Debugging segmentation faults in the JVM on linux-powerpc

Sun Jun 11 18:58:11 UTC 2017

Hi Adrian,

On Sun, Jun 11, 2017 at 12:53 PM, John Paul Adrian Glaubitz <
glaubitz at physik.fu-berlin.de> wrote:

> Hi Thomas!
>
> On 06/11/2017 08:45 AM, Thomas Stüfe wrote:
> > I'll take a look at it, I believe the final SafeFetch implementation for
> zero was last done by me: https://bugs.openjdk.java.net/browse/JDK-8076185
> .
>
> Thanks. I'm very glad to hear that someone more knowledgeable with the
> code will have a look.
>
> > SafeFetch is used to load data from a potentially unmapped address,
> mainly used in error reporting. If that load triggers a segfault, that
> fault is catched and
> > the function returns a special value to indicate the address was
> unmapped.
>
> Yeah. I have learned that now as well ;).
>
> > Its function is in the debug build tested at VM startup, which is the
> segfault you are seeing. If it were to work correctly, signal handler would
> recognize the
> > segfault to be originating from a safefetch call and not crash but
> return the mentioned special value.
> >
> > On almost all platforms this is implemented via stub assembler but as
> zero aims to be pure C we did implement this using posix setjmp. I'll take
> a look at why
> > this stopped working.
> >
> > In the meantime, as a workaround just comment out the calls to
> test_safefetch32() and test_safefetchN() in StubRoutines::initialize2().
>
> That doesn't seem to work though, it still crashes [1].
>
> I made this change:
>
> --- a/hotspot/src/share/vm/runtime/stubRoutines.cpp~    2017-05-11
> 15:11:42.000000000 +0300
> +++ b/hotspot/src/share/vm/runtime/stubRoutines.cpp     2017-06-11
> 12:25:56.068000000 +0300
> @@ -358,13 +358,6 @@
>    test_arraycopy_func(CAST_FROM_FN_PTR(address,
> Copy::aligned_conjoint_words), sizeof(jlong));
>    test_arraycopy_func(CAST_FROM_FN_PTR(address,
> Copy::aligned_disjoint_words), sizeof(jlong));
>
> -  // test safefetch routines
> -  // Not on Windows 32bit until 8074860 is fixed
> -#if ! (defined(_WIN32) && defined(_M_IX86))
> -  test_safefetch32();
> -  test_safefetchN();
> -#endif
> -
>  #endif
>  }
>
> But it still segfaults. Are there other places where safefetch*() needs to
> be disabled?
>
>
Sorry, I was wrong, the workaround cannot work. SafeFetch is required to
work in a number of other places, so there is no easy way around fixing
this. I also am very curious as to why we crash, the SafeFetch mechanism on
Zero is quite simple.

> Please note:
>
> I cannot reproduce the problem on x86_64 which made me believe to think
> that there might
> be some code guarded out on x86_64 which is only used on the generic zero
> targets.
>

Unfortunately, I ran into a number of issues building zero on ppc and x64,
which is quite annoying. Zero gets not enough love :) Finally managed to
build it on x64, but as you said, SafeFetch works fine here.

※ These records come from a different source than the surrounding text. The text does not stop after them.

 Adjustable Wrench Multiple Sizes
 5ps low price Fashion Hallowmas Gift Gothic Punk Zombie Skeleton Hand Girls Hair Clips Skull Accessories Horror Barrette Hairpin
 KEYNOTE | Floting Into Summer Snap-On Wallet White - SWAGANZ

I was not able to build it on ppc64 (the only ppc machines I have
available). Will retry next week. Without reproducing this error, it is
difficult to fix.

Note that I have no ppc32 (big endian?) machine available.

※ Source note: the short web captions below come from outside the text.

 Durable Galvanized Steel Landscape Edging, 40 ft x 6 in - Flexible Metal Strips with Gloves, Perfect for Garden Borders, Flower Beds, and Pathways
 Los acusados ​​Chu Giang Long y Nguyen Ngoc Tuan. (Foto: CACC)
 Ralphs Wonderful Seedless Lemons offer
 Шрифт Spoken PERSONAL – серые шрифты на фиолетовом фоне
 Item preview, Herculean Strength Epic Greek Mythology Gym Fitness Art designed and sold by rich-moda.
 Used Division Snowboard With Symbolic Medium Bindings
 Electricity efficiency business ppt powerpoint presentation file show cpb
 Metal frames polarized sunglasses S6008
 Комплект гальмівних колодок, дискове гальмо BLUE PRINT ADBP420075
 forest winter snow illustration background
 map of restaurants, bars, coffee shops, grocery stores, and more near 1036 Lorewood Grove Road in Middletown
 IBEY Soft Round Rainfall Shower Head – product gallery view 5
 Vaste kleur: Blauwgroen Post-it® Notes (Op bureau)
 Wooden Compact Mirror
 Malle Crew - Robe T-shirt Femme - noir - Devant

If you feel like investigating yourself, feel free. The mechanism for
safefetch on zero is quite simple, see the patch for JDK-8076185:
http://hg.openjdk.java.net/jdk9/jdk9/hotspot/rev/633053d4d137

Basically, before the questionable memory access a jump buffer is set up
and its pointer is stored in pthread TLS; which then is recovered in the
signal handler. Its existence is taken as proof that the SIGSEGV was caused
by SafeFetch; and we use longjmp to jump back to before the crash. Simple
and unexciting :)

Kind Regards, Thomas

> Thanks!
> Adrian
>
> > [1] https://buildd.debian.org/status/fetch.php?pkg=openjdk-9&
> arch=powerpc&ver=9%7Eb170-2&stamp=1497177935&raw=0
>
> --
>  .''`.  John Paul Adrian Glaubitz
> : :' :  Debian Developer - glaubitz at debian.org
> `. `'   Freie Universitaet Berlin - glaubitz at physik.fu-berlin.de
>   `-    GPG: 62FF 8A75 84E0 2956 9546  0006 7426 3B37 F5B5 F913
>